**Task statement**
When you retype the data, keep every word exactly and include none of the pictures.

**Recorded data**
Start of Block

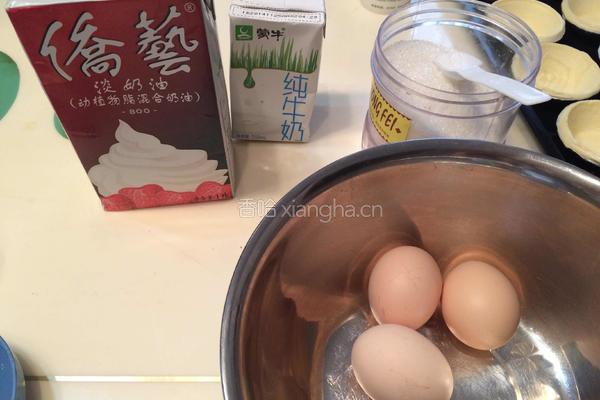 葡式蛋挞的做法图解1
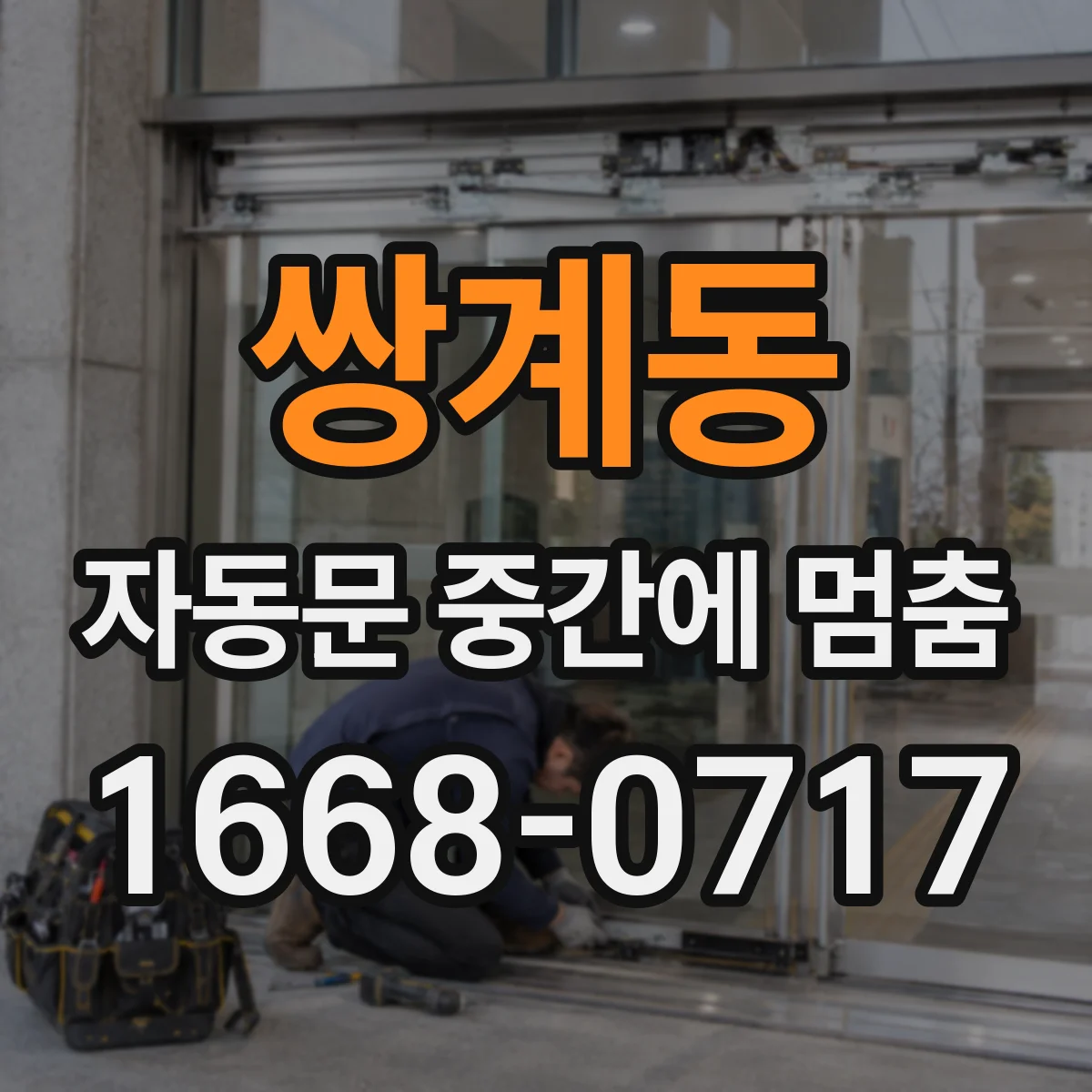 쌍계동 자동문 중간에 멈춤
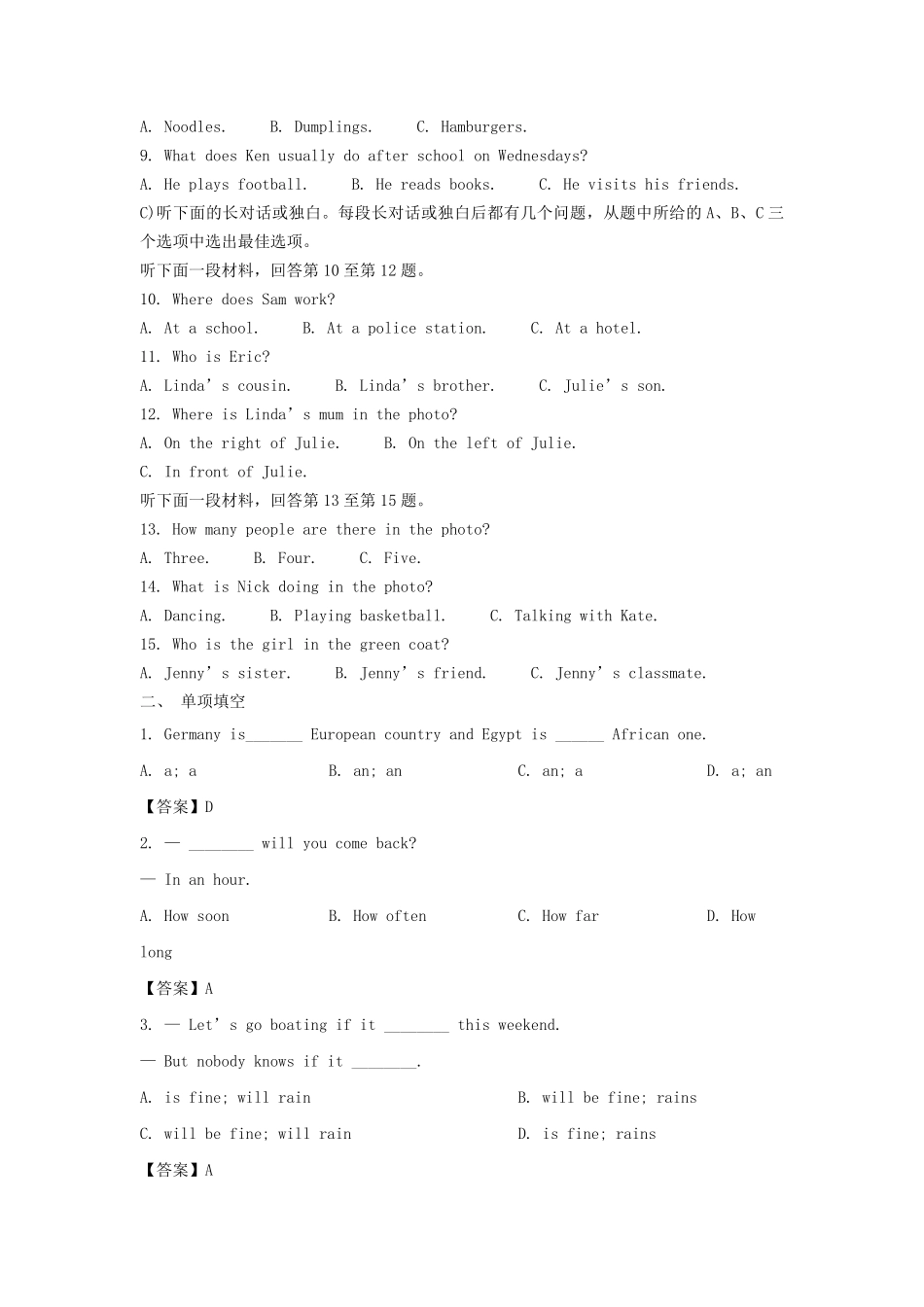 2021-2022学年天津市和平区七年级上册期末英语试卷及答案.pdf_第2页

End of Block

**Output of the exercise**
 葡式蛋挞的做法图解1
 쌍계동 자동문 중간에 멈춤
 2021-2022学年天津市和平区七年级上册期末英语试卷及答案.pdf_第2页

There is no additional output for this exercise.